Reputation: 6138
I want to parse strings using javascript with two alternative formats:
id#state#{font name, font size, "text"}
// e.g. button1#hover#{arial.ttf, 20, "Ok"}
or
id#state#text
// e.g. button1#hover#Ok
where in the second variant, a default font and size is being assumed.
Before you read further, I have to point out that I control the format, so I'd love to hear about any other format that is more RegExp Friendly™. That being said, the second alternative is needed for historical reasons, as is the id#state#
-part. In other words, the flexibility resides in the {font name, font size, "text"}
-part.
Furthermore, I'd like to use RegExp as far as possible. Yes, the RegExp I suggest below is pretty hairy, but for my case this is not only a possible solution to the problem at hand but also a matter of learning more about RegExp itself.
My current attempt at grouping the three or alternatively five information elements in the two formats is as follows.
var pat = /^(\w*)#(\w*)#
(?:(?:\{([\w\.]*),\s*([0-9\.]*),\s*"([\w\s]*)"\})|([\w\s]*))$/;
var source1 = "button1#hover#{arial.ttf, 20, \"Ok\"}";
var source2 = "button1#hover#Ok";
var result1 = source1.match ( pat );
var result2 = source2.match ( pat );
alert ( "Source1: " + result1.length + " Source2: " + result2.length );
When I tested this expression at http://www.regular-expressions.info/javascriptexample.html, I got:
result1 = [ button1#hover#{arial.ttf, 20, "Ok"}, button1, hover, arial.ttf,
20, Ok, undefined ]
and
result2 = [ button1#hover#Ok, button1, hover, undefined,
undefined, undefined, Ok ]
Here's how I break down the RegExp:
^(\w*)#(\w*)#(?:(?:\{([\w\.]*),\s*([0-9\.]*),\s*"([\w\s]*)"\})|([\w\s]*))$
^ # anchor to beginning of string
(\w*) # capture required id
# # match hash sign separator
(\w*) # capture required state
# # match hash sign separator
# capture text structure with optional part:
(?:(?:\{([\w\.]*),\s*([0-9\.]*),\s*"([\w\s]*)"\})|([\w\s]*))

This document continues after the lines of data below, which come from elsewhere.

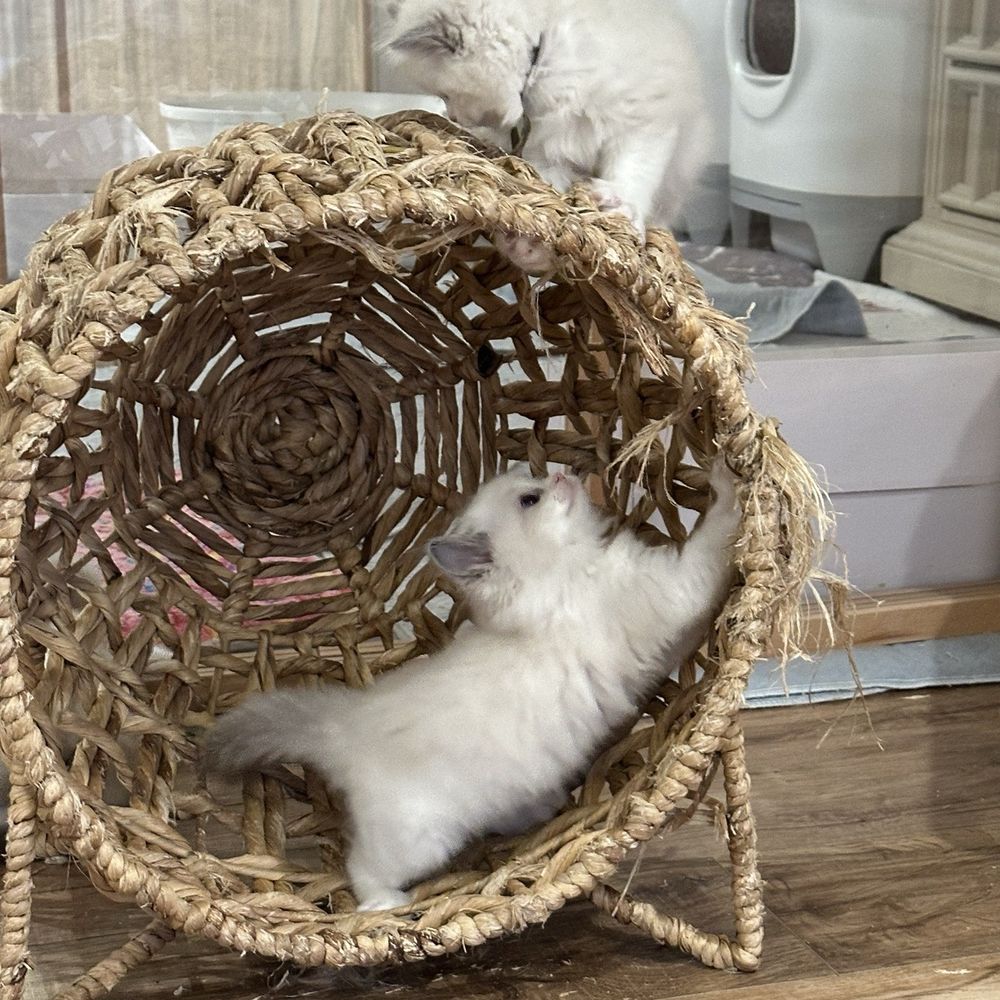 Kitten Cuddle Corner - Kittens playing at Cuddle Corner - Pet Breeders Near Me Kitten Cuddle Corner - Kittens playing at Cuddle Corner - Pet Breeders Near Me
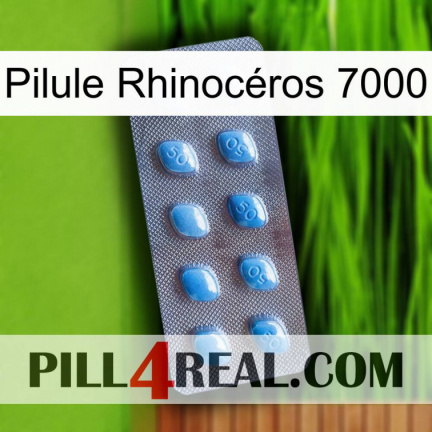 Pilule Rhinocéros 7000 viagra3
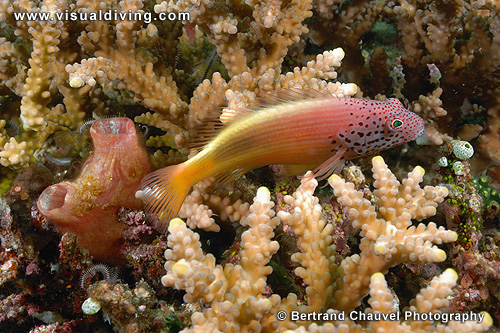 Hawkfish (UW2_1271)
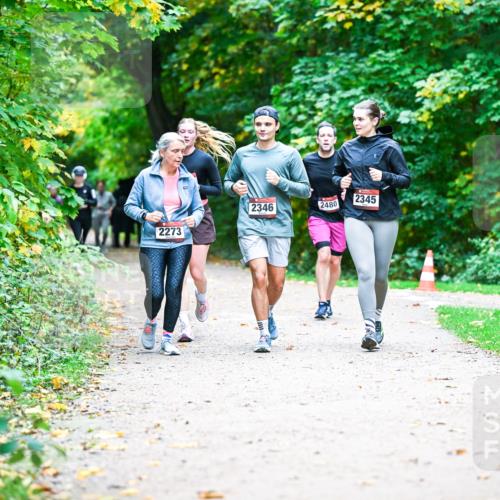 12.10.2025 - Bramfelder Halbmarathon 2025 Dr. Thomas Lammeyer http://msf.ph/oto/9359544 12.10.2025 11:08:37 Laufen 2273, 2346, 2345, 2480 meine-sportfotos.de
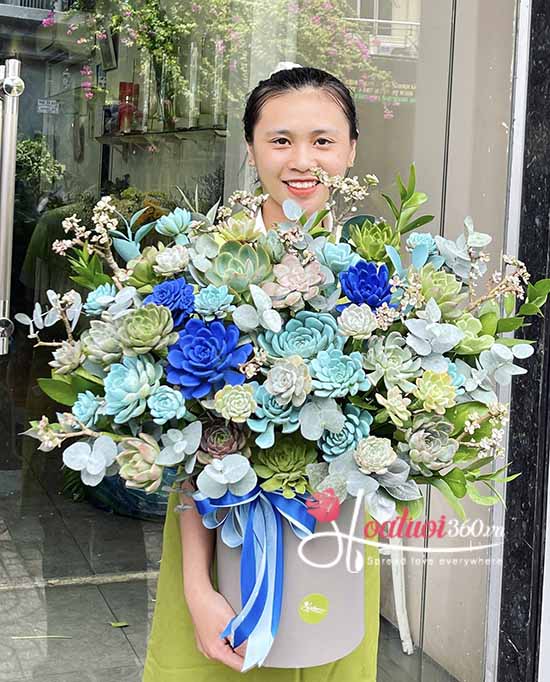 Hộp hoa sen đá - Thanh xuân tươi đẹp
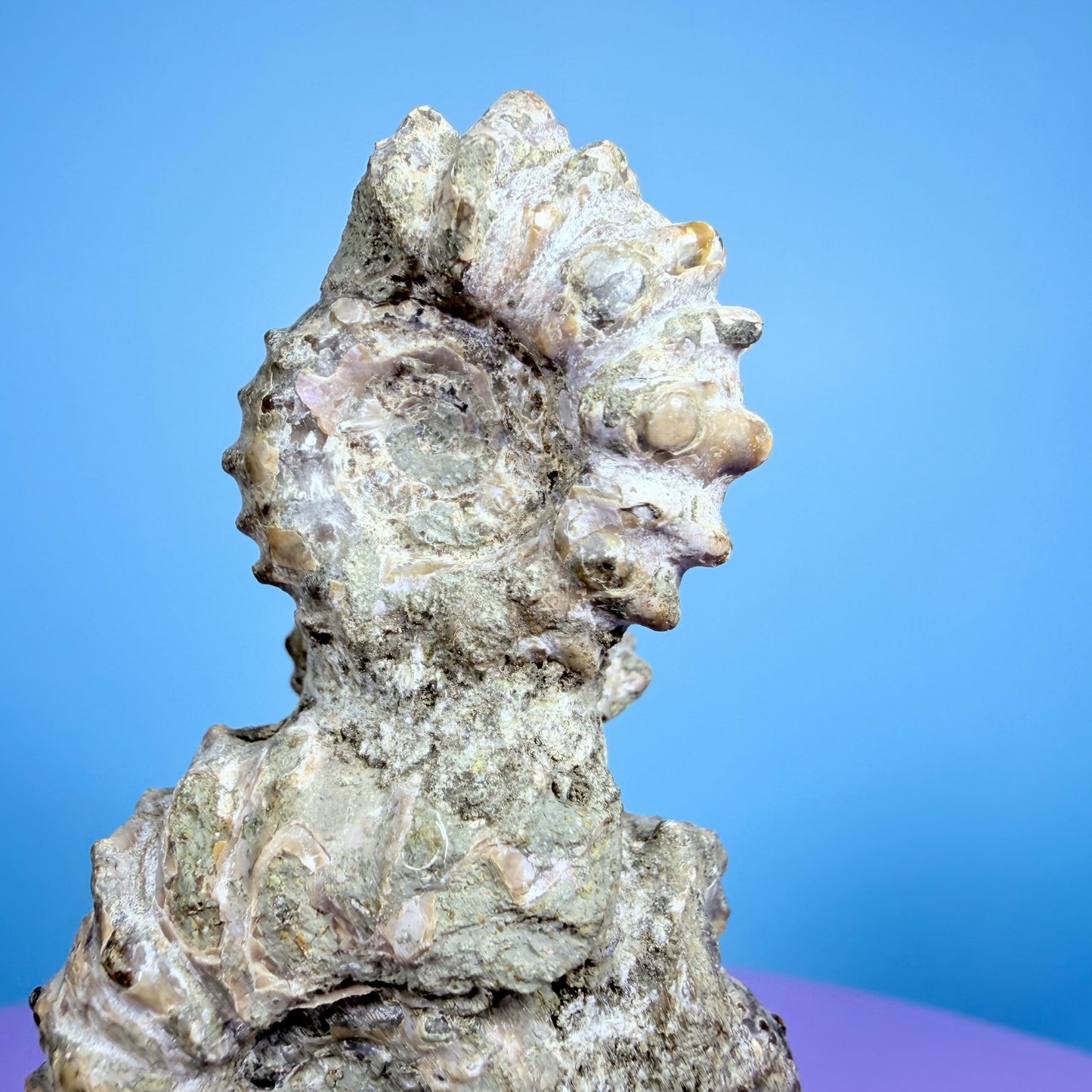 Ammonite Fossil Cluster Sculpture on Stand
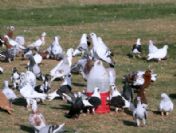 Güvercinler Dünya Barışı İçin Kanat Çırptılar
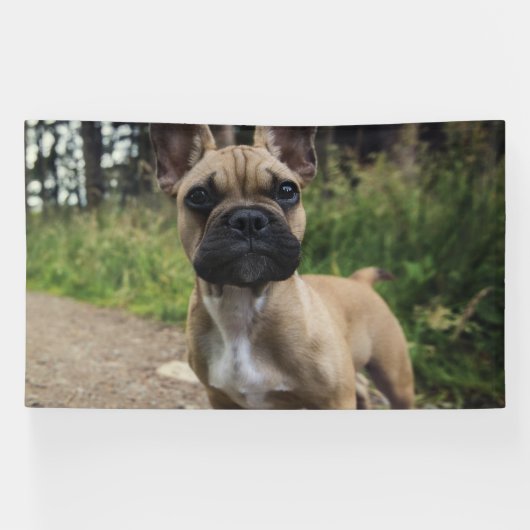 French Bulldog Throw Pillow Spandoek (Horizontaal)
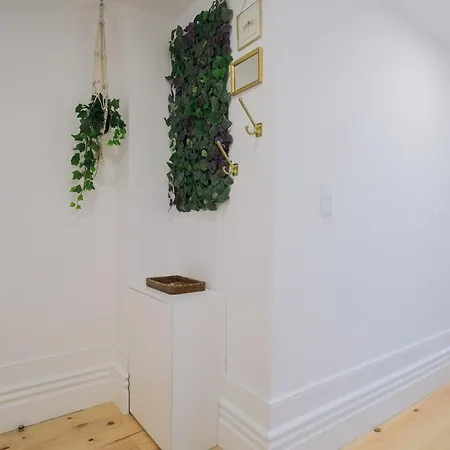 Апартаменты Cedofeita Charming Flat Порту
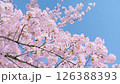 4K Cherry Blossoms #15 126388393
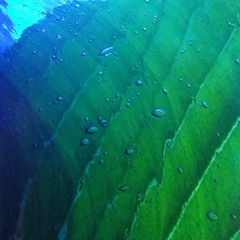 KaleiSoloscope (Excerpt Modul 2) Aylin Aykan - Two Pianos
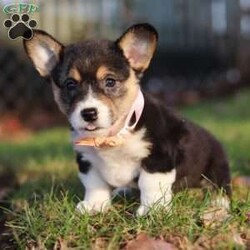 Ruby/Pembroke Welsh Corgi									Puppy/Female	/7 Weeks,Meet Ruby! She is the most darling AKC Pembroke Welsh Corgi puppy. This little bundle of vivacious energy will keep you on your toes with her outgoing personality and adorable puppy antics. With hair as soft as silk and a tendency to snuggle, she can also be the best nap buddy. If you are searching for a companion for many adventures, you have found the one. This baby will bring joy and excitement to any ordinary day!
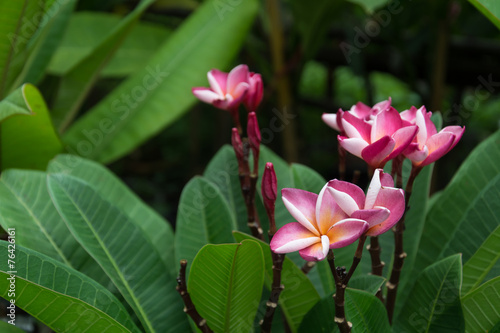 flower blooming in the garden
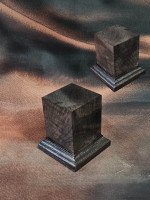 socle sae040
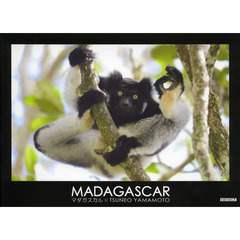 MADAGASCAR?マダガスカル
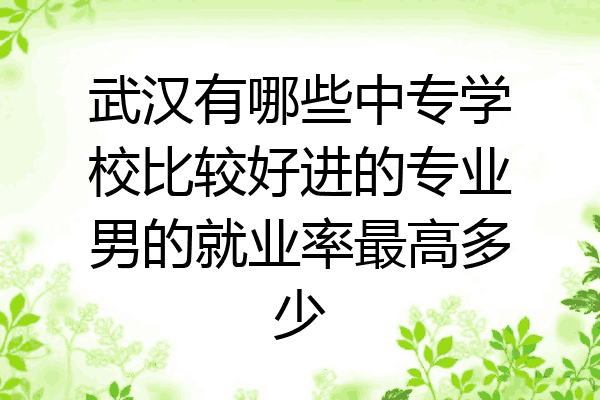 武汉有哪些中专学校比较好进的专业男的就业率最高多少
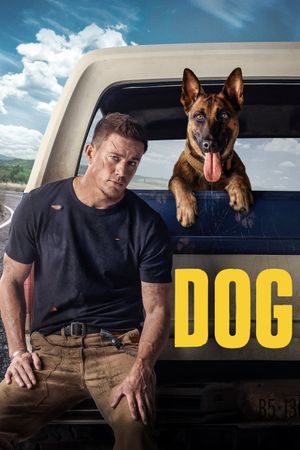 Dog's poster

$ # anchor to end of string
The text structure capture is the dodgiest part, I guess. I break it down as follows:
(?: # match all of what follows but don't capture
(?:\{ # match left curly bracket but don't capture (non-capturing group)
([\w\.]*) # capture font name (with possible punctuation in font file name)
,\s* # match comma and zero or more whitespaces
([0-9\.]*) # capture font size (with possible decimal part)
,\s*" # match comma, zero or more whitespaces, and a quotation char
([\w\s]*) # capture text including whitespaces
"\}) # match quotation char and right curly bracket (and close non-capturing group)
| # alternation operator
([\w\s]*) # capture optional group to match the second format variant
) # close outer non-capturing group
My question is two fold:
1) How can I avoid the trailing undefined match in the result1 case?
2) How can I avoid the three undefined matches in the middle of the result2 case?
Bonus question:
Did I get the break down right? (I guess there is something amiss, since the RegExp isn't working entirely as expected.)
Thanks! :)
Upvotes: 3
Views: 86
Reputation: 413757
The groups in your regex are numbered from left to right without regard for the operators (in particular, the |
operator). When you've got (x)|(y)
then the group for either "x" or "y" will be undefined
.
Thus you can't avoid the empty slots in the result. In fact, I think you want them, because otherwise you don't really know which form of input you've matched.
Upvotes: 2